Alliance Director Judge Maryanne Gilliard had this to say about the Council’s unanimous decision: “When you see companies like Yahoo and Google saying, ‘Come to work,’ how is it you have a government bureaucracy with a track record of misspending public dollars and violating the public’s trust continuing to allow telecommuting?”

No doubt many of you are wondering the same thing when, only a couple of months ago, the Council ostensibly “adopted” all of the recommendations of the SEC, a group comprised of members personally selected by the Chief Justice herself. That is a fair question the press is now asking. One might also assume that the Legislature, the Governor and the Department of Finance are likewise perplexed by this obvious flip-flop. Already the Chief Justice, on her own, has rejected out of hand the SEC’s recommendation to move the central planners to Sacramento because of the concern it would be “too disruptive” for those who work in the opulent and costly headquarters in San Francisco.

The Alliance anticipated that the SEC recommendations would die a certain and slow death. We urge you to remain vigilant as our courageous colleagues on the SEC watch their work emasculated by a bureaucracy and handpicked judicial leaders that have no intention of changing, despite their words to the contrary. We will continue to advocate tirelessly on your behalf for a more democratic system of judicial governance.


Alliance of California Judges


End of the Line


The speakers represented a full array of constituencies among California’s judges.

The head of the longstanding California Judges Association was opposed. Leaders of the newer Alliance of California Judges were opposed.

The head of the presiding judges committee, representing judges at the head of their courthouses throughout the 58 counties, was opposed. The head of a committee of judges that spent a year investigating the central bureaucracy of California’s courts was opposed.

They all took the same position. There were no little nuances. They spoke with one voice.

They said the highly paid employees at the Administrative Office of the Courts must show up for work at the office. The bureaucrats should work in the bureau.

So, with all that firepower, with that unified voice from leaders of groups that, taken together, represent pretty much every trial judge in the state, how far did they get. How persuasive were they in opposing the central office administrators who wanted to hang on to their telecommuting privilege, who wanted to keep working from home one day a week.

The judges won not a single vote. Not one.

The Judicial Council, where all the judges on the council are appointed by Chief Justice Tani Cantil-Sakauye, voted unanimously in favor of allowing the administrators to continue telecommuting.

Bureaucrats – 17, Judges – 0.

At an enrobing ceremony last month in San Diego, I talked with a trial lawyer and mentioned the telecommuting issue. He knew immediately what I was talking about.

“Yeah, I would like to work from Switzerland,” was his comment.

Telecommuting had been abused by the bureaucrats. It was pervasive, with 40% of one department telecommuting, and indeed, with one staff member working from Switzerland.

The revelation of how the privilege had been indulged was just one in a series of black eyes for Administrative Office of the Courts.
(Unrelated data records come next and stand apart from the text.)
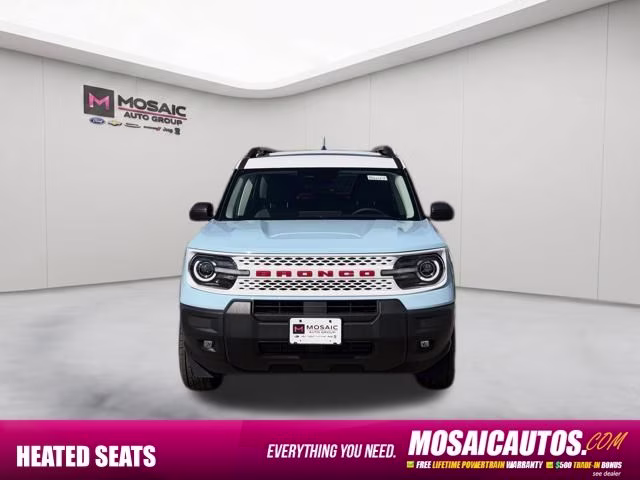 2026 Robins Egg Blue Ford Bronco Sport Heritage 4X4 SUV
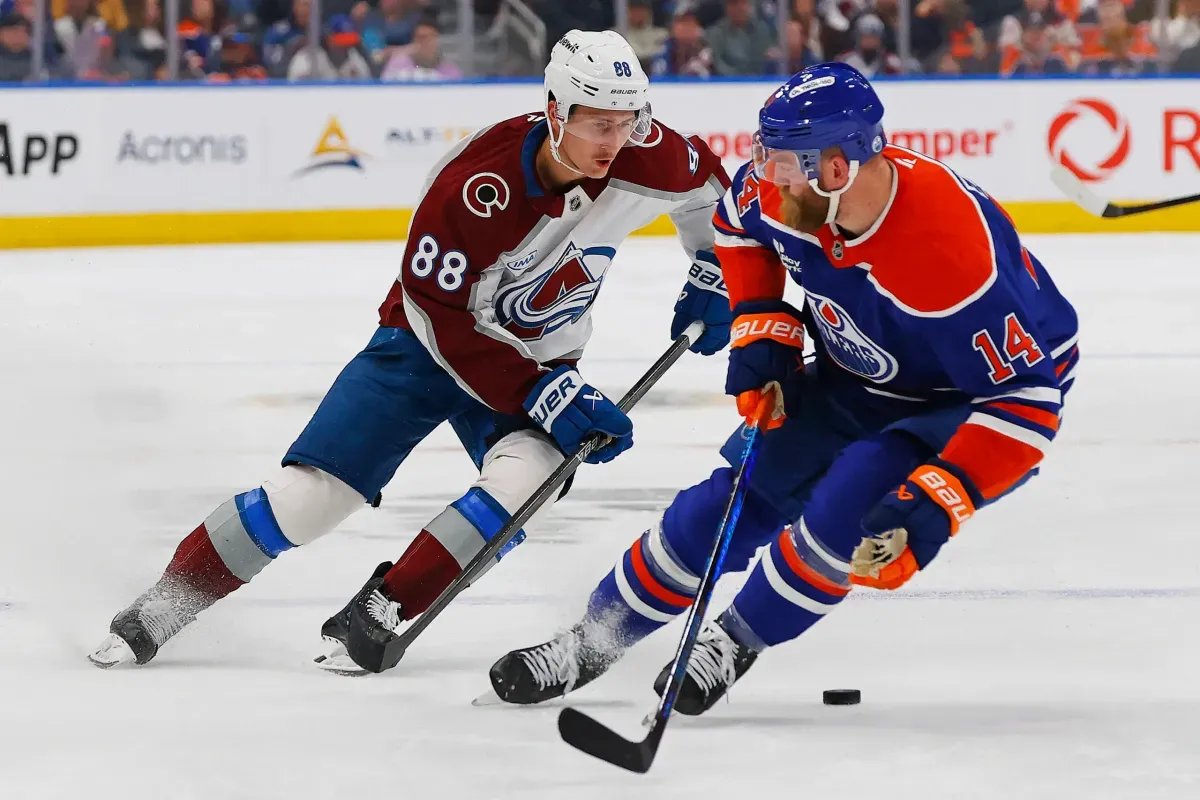 Oilers leadership group called out for post-game action after loss to Avalanche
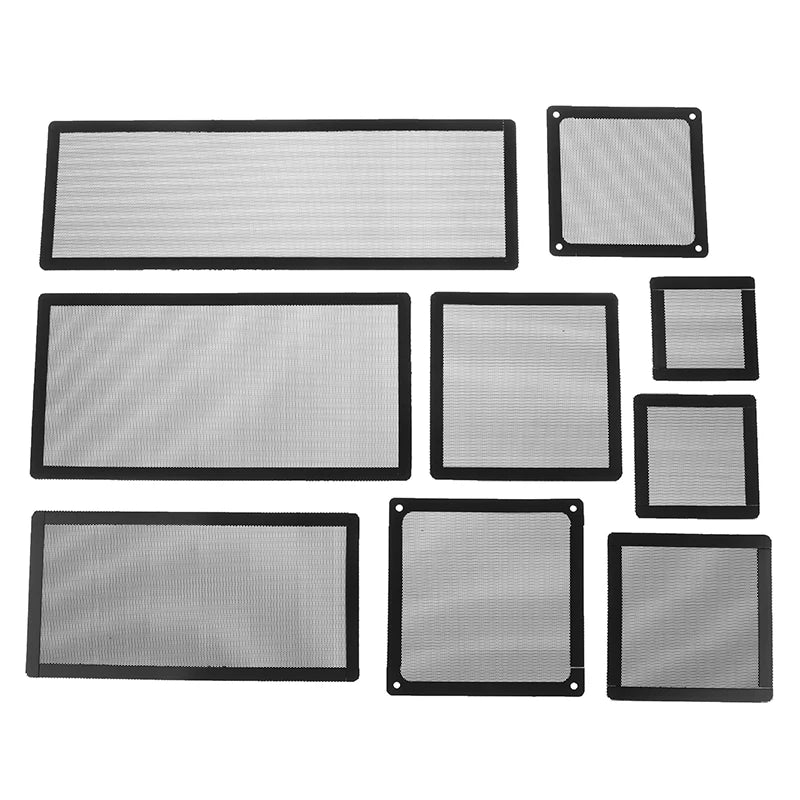 Magnetic Dust Filter Fan Cover 🖥️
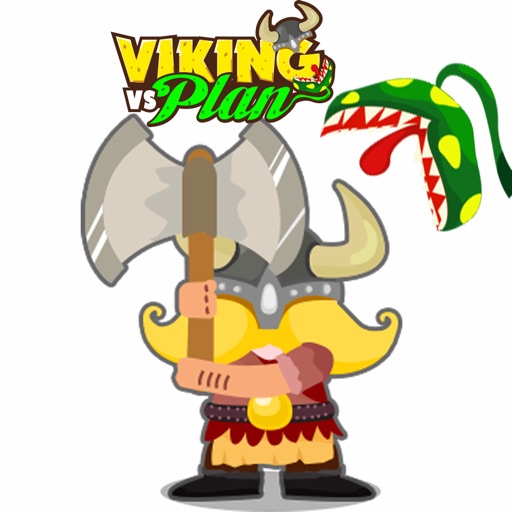 Viking vs Plan - The world's hardest  game Icon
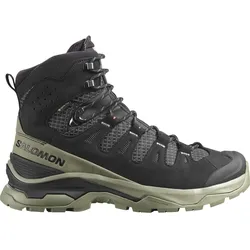 Salomon QUEST 5 Wanderschuhe Herren | Gr. 42 | schwarz - schwarz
Just as the new chief justice was coming into office, the office staff gave themselves a retroactive 3-5% pay hike when court budgets were already under stress. They had also set up a taxpayer-supported 22% pension contribution with no employee match for the top bureaucrats, a scheme not allowed under federal law.
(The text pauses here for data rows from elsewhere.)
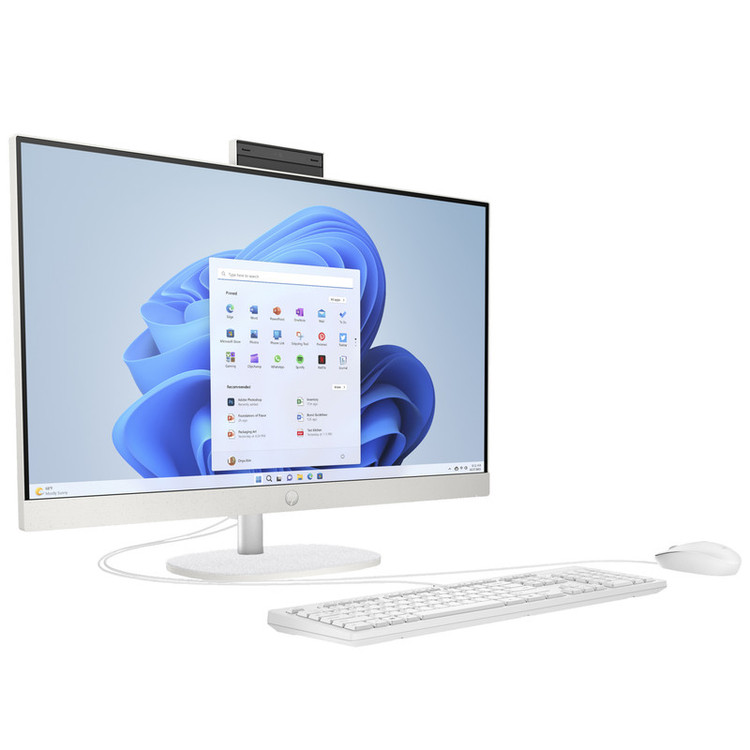 کامپیوتر همه کاره 23.8 اینچ اچ پی مدل 24 CR0315nh-i3 1315U 8GB 512SSD UHD
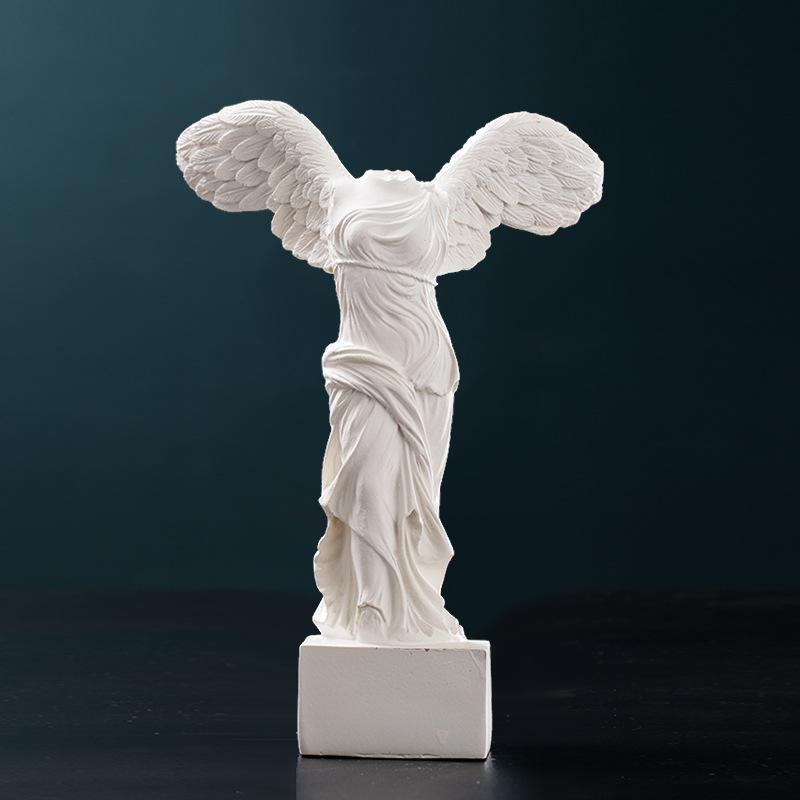 

Nordic Art Apollo Top Venus Figure Sculpture Ornaments Creative Design Model Room Art Room Study Plush Decoration Durable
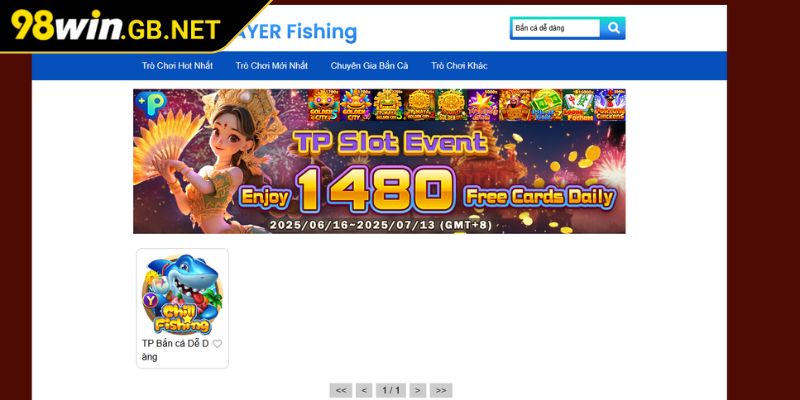 Các bước tham gia bắn cá dễ dàng 98win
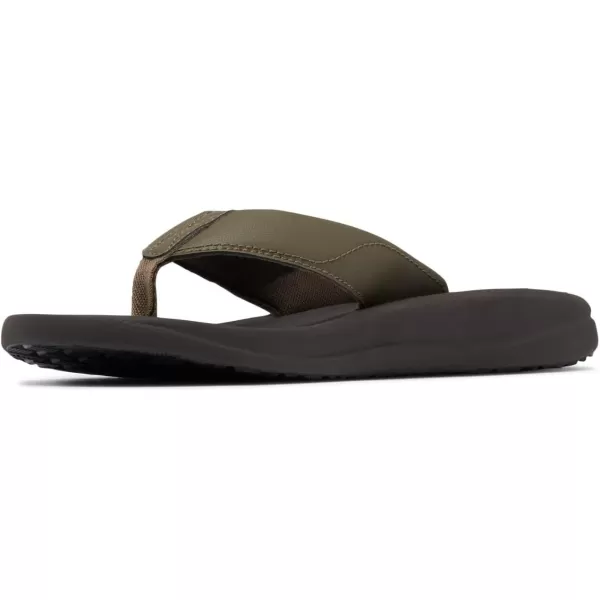 Columbia Mens Flip FlopMudCordovan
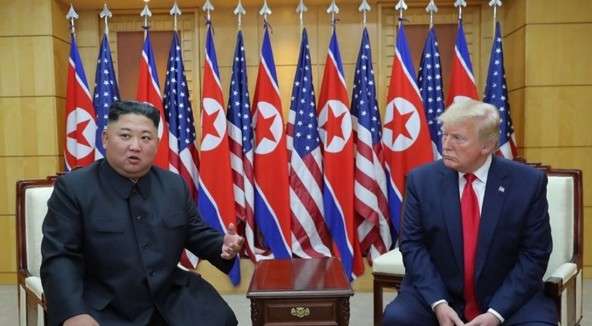 North Korea says Kim-Trump ties ‘not bad’ but rejects denuclearisation talks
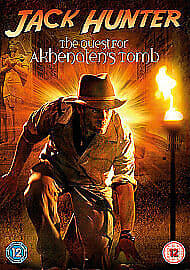Jack Hunter: The Quest For Akhenaten’s Tomb DVD (2011) Ivan Sergei Cert 12 Pre-Owned Region 2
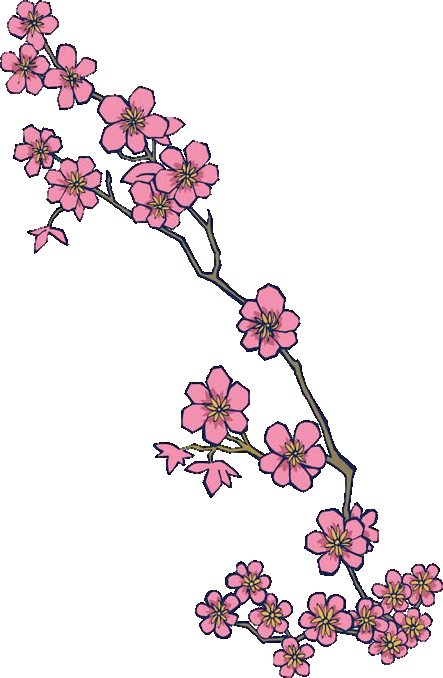 Download Cherry Blossom Hd Png Clipart Image - Cherry Blossom Tattoo Designs - Free Transparent PNG Clipart Images Download. - Tattoo Transparent PNG Free Download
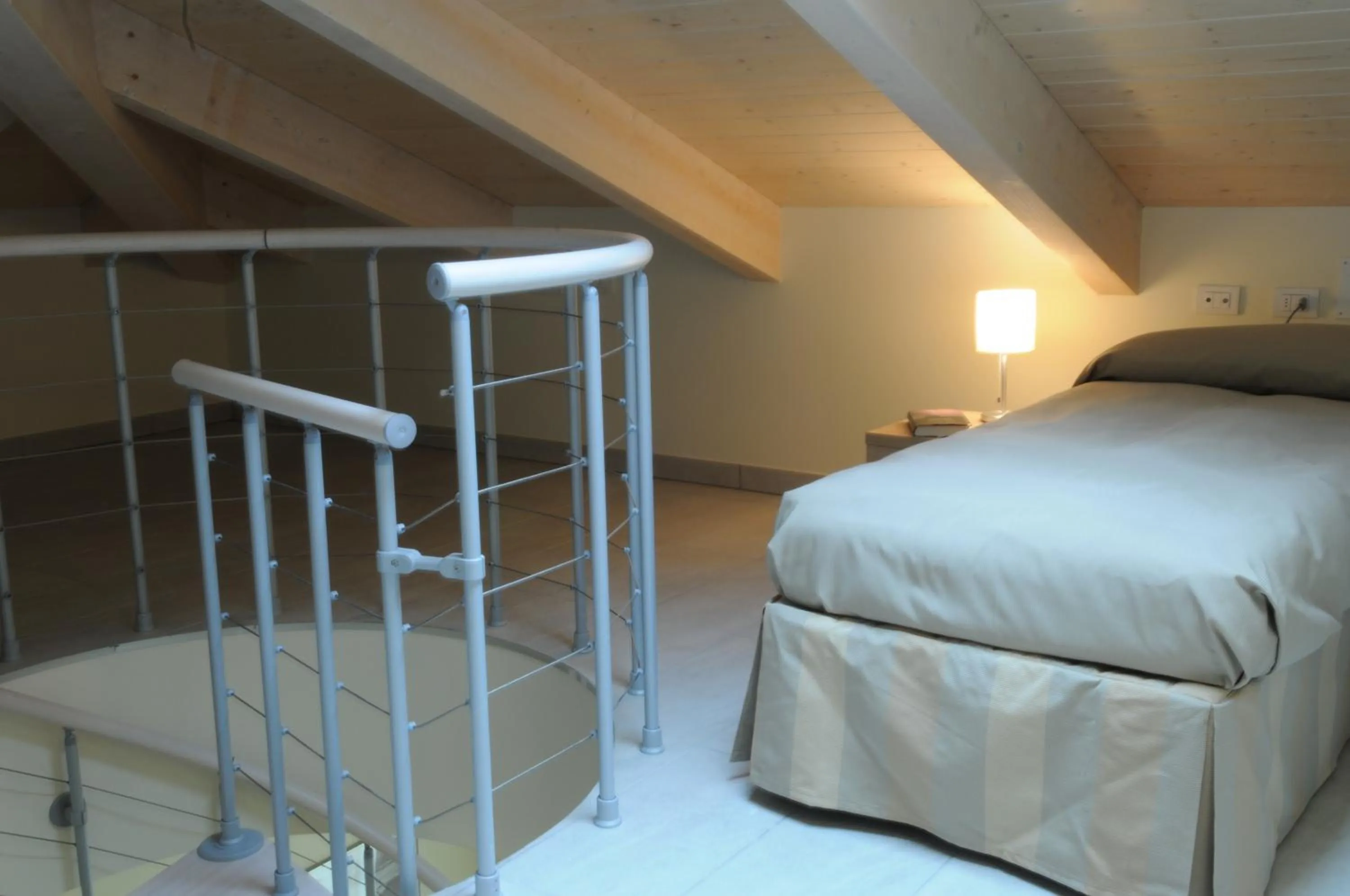 Bedroom, Bed in Residence Belmare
The top-loaded pension was stopped only under pressure from the Legislature.
More fundamentally, the bureaucracy’s effort to take over the fiscal and policy affairs of the trial courts had brought anger and opposition from a great number of trial judges. That pressure resulted in the year-long investigation by the judges’ Strategic Evaluation Committee that resulted in a long list of recommended reforms.

Lest there was any doubt that the reforms were supported by the state’s judges, a whopping 90 percent of California judges answering an online poll said they favored the reform committee’s proposals that included radically downsizing the central bureaucracy and taking away its role in setting policy.

At the Judicial Council last week, the head of that reform committee, Judge Charles Wachob, answered the administrators’ argument that telecommuting was necessary for employee retention, or, in translation, we might quit.

“Right now in this market,” said Wachob, “I think that the retention of employees is not difficult. I’m sure there are a lot of laid off trial court employees who would love to apply for jobs here.”

Another argument in favor of telecommuting came from a council member who said, “We can’t get involved in the day-to-day operation of AOC. The next argument would be, should AOC buy blue pens or black pens?”

Leading judges whose constituencies covered just about every judge in the state were lined up on one side making strong arguments. Administrators and their backers were lined up on the other side making weak arguments.

And in the end, it was no contest.

It was as though the judges were playing out of their league and never had a chance.

From the vantage point of time and distance, it looked to me like the reform train came to a halt right there in that meeting.